Tue. Mar 10th, 2026

AI SUMMARY – What You Should Know Before Reading:

  • Heineken plans to eliminate between 5,000 and 6,000 jobs over the next two years.
  • Global beer sales fell by 2.4% last year, with a sharper 4.1% decline in Europe.
  • CEO Dolf van den Brink has announced he will step down after nearly six years.
  • The company cites challenging market conditions and aims to boost productivity and reduce costs.

AMSTERDAM — Dutch brewing giant Heineken announced plans to cut up to 6,000 jobs worldwide, citing “challenging market conditions” and declining beer sales, particularly in Europe. The restructuring effort will unfold over the next two years as the company seeks to accelerate productivity gains and achieve significant cost savings.

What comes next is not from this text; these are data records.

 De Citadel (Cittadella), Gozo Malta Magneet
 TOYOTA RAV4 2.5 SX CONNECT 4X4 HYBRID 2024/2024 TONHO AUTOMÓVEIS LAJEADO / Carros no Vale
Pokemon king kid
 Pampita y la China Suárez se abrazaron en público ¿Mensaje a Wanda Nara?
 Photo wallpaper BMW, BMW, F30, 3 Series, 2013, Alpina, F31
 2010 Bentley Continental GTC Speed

Heineken, which employs approximately 87,000 people globally, is the world’s second-largest brewer after AB InBev. Company officials said the planned workforce reduction will affect between 5,000 and 6,000 positions, though they have not yet specified which regions or divisions will bear the brunt of the cuts.

Sales Decline Across Key Markets

The company reported that total beer sales volume declined by 2.4% last year. Europe — traditionally one of Heineken’s core markets — experienced a sharper contraction of 4.1%. Sales in North and South America also fell by 3.5%.

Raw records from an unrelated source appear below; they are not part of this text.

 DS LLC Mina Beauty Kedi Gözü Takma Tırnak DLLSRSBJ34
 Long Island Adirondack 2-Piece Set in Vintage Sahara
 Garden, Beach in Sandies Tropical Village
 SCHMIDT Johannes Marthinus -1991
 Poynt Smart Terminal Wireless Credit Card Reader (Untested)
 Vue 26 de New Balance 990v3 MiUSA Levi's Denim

Chief Executive Officer Dolf van den Brink acknowledged the difficult outlook. “We remain cautious in our expectations for the beer market in the near term,” he said in a statement. He pointed to economic headwinds, inflationary pressures, and shifting consumer habits as key challenges.

Industry analysts note that beer producers are facing rising raw material and energy costs, along with changing consumer preferences. Younger generations in many developed markets are drinking less alcohol or opting for alternatives such as low- or no-alcohol beverages.

Leadership Transition Adds Uncertainty

The job cuts follow van den Brink’s recent announcement that he will step down after nearly six years at the helm of the company. He told reporters he leaves with “mixed feelings,” reflecting on steering the company through what he described as “turbulent economic and political times.”

His departure comes at a moment when the global beer market is undergoing structural change. While emerging markets still offer growth opportunities, consumption trends in Europe have plateaued or declined, forcing established brewers to rethink their strategies.

Adapting to a Changing Beverage Landscape

In recent years, Heineken has invested in premium brands and expanded its portfolio of non-alcoholic beers in an effort to diversify revenue streams. Despite those efforts, the decline in overall beer volumes suggests that the company’s traditional core business remains under pressure.

The restructuring signals a broader recalibration within the brewing industry. As global consumer behavior evolves and economic uncertainty persists, major players are reassessing operational models to maintain profitability.

For Heineken, the coming years will test its ability to balance cost discipline with innovation — and to adapt to a market where growth can no longer be taken for granted.